A netCDF *Coordinate Variable* is a 1D Variable whose name matches
its dimension's name, and whose values are monotonic. This corresponds
to your proposed *Dimension Scale*. Note that a netCDF Dimension
describes array indices, whereas a Coordinate Variable / Dimension Scale
describe coordinates values assigned to each index of the corresponding
Dimension.
Yes, I designed the new HDF5 Dimension Scale model to be compatible
with netCDF Coordinate Variables (ideally, Dimension Scales will be a superset
of Coordinate Variables). I'm still not totally pleased with the term "scale"
and somewhat lean toward using netCDF's "coordinates" term since that more
accurately describes their true meaning, but since HDF4 used "scale", I may end
up sticking with the term... :-/
2. So, generally I like your Dimension Scale proposal. The main things
we need are 1) shared Dimensions even when theres not a coordinate
variable (perhaps a Dimension Scale without the values?),
Actually, the HDF5 Dimensions will be able to be shared by different
dataspaces without involving any Dimension Scales.
good
2) each Dimension Scale must have a name;
Yes, that's the primary method of indexing them from a dimension.

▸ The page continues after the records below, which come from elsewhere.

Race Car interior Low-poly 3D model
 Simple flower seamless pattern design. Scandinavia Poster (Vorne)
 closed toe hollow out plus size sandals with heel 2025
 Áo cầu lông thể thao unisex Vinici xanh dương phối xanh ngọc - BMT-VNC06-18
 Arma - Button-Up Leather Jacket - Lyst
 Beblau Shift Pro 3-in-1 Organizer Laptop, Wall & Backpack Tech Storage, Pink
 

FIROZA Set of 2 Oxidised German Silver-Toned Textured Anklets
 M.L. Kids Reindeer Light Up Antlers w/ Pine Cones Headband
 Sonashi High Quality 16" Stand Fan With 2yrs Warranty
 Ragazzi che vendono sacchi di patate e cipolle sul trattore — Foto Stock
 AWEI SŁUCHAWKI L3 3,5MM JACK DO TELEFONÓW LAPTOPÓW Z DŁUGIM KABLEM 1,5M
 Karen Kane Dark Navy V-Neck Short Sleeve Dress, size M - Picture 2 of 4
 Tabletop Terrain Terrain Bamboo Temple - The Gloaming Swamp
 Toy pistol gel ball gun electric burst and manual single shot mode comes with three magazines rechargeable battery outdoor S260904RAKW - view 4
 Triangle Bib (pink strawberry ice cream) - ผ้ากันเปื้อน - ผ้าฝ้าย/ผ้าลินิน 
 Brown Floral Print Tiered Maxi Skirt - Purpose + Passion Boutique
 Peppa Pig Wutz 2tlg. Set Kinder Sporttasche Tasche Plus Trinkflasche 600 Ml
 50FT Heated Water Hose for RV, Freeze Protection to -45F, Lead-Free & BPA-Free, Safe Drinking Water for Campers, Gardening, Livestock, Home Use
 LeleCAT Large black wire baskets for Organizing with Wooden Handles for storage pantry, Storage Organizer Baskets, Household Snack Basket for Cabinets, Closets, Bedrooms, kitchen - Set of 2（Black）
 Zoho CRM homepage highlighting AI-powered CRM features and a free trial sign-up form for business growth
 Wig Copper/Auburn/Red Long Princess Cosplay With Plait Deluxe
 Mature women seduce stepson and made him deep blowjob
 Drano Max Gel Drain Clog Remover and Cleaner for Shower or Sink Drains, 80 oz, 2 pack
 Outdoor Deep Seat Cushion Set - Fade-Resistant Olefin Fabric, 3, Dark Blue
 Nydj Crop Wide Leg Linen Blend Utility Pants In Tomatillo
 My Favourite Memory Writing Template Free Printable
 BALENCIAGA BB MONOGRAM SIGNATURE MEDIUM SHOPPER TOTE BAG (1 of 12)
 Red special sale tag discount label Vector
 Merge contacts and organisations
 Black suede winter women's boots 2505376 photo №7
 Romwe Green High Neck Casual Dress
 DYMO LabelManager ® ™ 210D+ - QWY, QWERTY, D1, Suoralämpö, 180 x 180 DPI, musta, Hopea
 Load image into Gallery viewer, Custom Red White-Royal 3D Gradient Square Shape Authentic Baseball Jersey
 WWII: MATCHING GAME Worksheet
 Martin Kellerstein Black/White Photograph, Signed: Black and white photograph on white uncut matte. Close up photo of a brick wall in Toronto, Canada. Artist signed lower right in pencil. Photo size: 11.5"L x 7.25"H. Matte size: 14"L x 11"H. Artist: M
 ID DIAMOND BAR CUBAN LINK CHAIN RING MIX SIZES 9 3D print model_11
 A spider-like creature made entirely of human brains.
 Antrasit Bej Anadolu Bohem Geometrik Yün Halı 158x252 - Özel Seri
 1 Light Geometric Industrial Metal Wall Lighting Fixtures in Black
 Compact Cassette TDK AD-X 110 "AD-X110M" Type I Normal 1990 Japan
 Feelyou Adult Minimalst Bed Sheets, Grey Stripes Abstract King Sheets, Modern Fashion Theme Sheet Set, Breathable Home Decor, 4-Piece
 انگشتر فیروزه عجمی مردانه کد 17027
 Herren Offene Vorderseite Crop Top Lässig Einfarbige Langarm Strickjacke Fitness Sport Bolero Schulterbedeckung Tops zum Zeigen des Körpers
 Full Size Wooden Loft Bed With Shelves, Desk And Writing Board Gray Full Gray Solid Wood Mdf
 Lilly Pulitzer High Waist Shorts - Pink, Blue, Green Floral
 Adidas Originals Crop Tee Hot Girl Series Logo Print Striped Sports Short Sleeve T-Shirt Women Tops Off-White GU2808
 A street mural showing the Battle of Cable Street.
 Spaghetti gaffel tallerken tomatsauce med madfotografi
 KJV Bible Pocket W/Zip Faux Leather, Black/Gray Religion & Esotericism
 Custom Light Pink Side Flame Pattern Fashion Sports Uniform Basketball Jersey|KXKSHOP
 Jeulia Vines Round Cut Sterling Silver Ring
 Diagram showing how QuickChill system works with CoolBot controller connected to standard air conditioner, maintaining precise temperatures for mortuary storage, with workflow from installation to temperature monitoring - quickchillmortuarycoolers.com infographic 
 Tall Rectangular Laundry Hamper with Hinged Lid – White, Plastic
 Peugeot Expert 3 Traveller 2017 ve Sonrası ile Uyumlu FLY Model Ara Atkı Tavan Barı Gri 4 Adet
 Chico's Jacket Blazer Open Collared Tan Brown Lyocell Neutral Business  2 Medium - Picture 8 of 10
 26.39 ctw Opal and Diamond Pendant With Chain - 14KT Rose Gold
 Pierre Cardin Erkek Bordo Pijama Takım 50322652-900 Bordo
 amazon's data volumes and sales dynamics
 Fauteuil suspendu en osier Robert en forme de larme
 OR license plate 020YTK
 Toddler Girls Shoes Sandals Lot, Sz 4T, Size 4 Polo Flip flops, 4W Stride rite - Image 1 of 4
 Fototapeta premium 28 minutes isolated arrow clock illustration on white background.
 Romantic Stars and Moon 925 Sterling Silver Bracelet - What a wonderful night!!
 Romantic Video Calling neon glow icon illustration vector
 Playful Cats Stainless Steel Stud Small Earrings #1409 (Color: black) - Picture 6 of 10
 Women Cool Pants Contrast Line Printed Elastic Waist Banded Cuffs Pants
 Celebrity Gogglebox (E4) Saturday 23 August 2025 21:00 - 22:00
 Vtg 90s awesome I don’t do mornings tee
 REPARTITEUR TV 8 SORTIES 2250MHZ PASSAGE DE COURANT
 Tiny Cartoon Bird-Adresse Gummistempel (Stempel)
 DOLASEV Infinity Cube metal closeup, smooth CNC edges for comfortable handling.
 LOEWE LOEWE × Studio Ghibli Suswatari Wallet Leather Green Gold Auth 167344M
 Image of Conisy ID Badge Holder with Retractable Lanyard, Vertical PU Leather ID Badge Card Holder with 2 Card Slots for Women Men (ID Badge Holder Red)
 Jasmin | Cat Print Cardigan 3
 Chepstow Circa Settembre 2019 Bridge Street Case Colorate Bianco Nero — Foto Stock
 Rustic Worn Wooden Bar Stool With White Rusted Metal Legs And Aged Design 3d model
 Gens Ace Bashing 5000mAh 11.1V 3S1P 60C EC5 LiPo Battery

I
imagine we may have an API function to get the n'th scale, but that's not
a requirement at this point.
good
and 3) a Variable/Dataset can specify
its dimensionality/Dataspace by listing the Dimensions (or their names).
I'm planning on adding API functions for "composing" a dataspace from
dimensions and then that "composed" dataspace could be used to create datasets.
good
3. While 1D Coordinate Variables / Dimension Scales are the common case,
there are also datasets that need different kinds of coordinate systems,
including multidimensional coordinate variables. I am eager that netCDF
/ HDF5 can support these, but I think they can be built on top of the
current functionality, and so we can leave them out of this discussion
so as to keep things from getting too complicated. (for more details on
those ideas, see chapter 3.1 of the java-netcdf user manual).
As I mentioned to Russ and Ed last week, I think that having support for
coordinate systems (I was calling them "multi-dimensional scales" at the time)
is an important feature to include. I've printed the java-netcdf user
manual and will be using it for reference during further iterations on the
HDF5 dimension scale design to try to include this concept. I imagine that I'll
associate them with the dataspace directly instead of hanging them off the
dimensions (since the dataspace can be multi-dimensional and the dimensions are
1-D by definition).
Also, I was considering cutting the ability of dimensions to have multiple
scales associated with them (to simplify things), but glancing through the
java-netcdf information, it looks like that may be an important feature.
What's your opinion about how critical that is and how often it is used?
Quincey
i think there are 2 interesting examples if you try to handle coordinate
systems in a general way:
1. float lat(x,y) and float lon(x,y) assign latitude and longitude
coordinates to points on a projection plane. this is the
"multidimenensional case"
2. lat(sample), lon(sample), altitude(sample) might be a coordinate
system for variable O3(sample). this is the "1D trajectory" case.
So, what i came up with is that a coordinate system for a
variable/dataset is a collection of "coordinate axes" which can have any
dimensionality, but whose dimensions must all appear in the set of
dimensions used by the variable/dataset. Adding this info to the
dataspace is exactly right.
Because the common case is that all or most of the variables/datasets in
a file use the same coordinate system, its nice to factor this
information out. So if the dataspace can be shared and the coordinate
system can be associated with the dataspace, that would be party time
most excellent.
BTW, a mathematical formulation behind this (a little out of date but
useful if you like formalisms) is at
http://www.unidata.ucar.edu/staff/caron/papers/CoordMath.htm
theres still one piece that you *might* want to tackle. the above is a
framework for general coordinate systems. our users generally want
georeferencing coordinate systems. this involves identifying which of
the coordinate axes correspond to the x,y,z, and t coordinates. this can
be a big can of worms, eg is youve ever looked at GIS specs, they are
complex. We have developed a set of very simple specs that so far have
satisfied most of our datasets, using "attribute conventions" outside
any explicit library support. I can understand if you dont want to add
any more complications. However I will say that IMHO getting
georeferencing coodinate systems clearly specified (ie not having to use
attribute Conventions) would be a huge win for our communities, and one
thats really doable.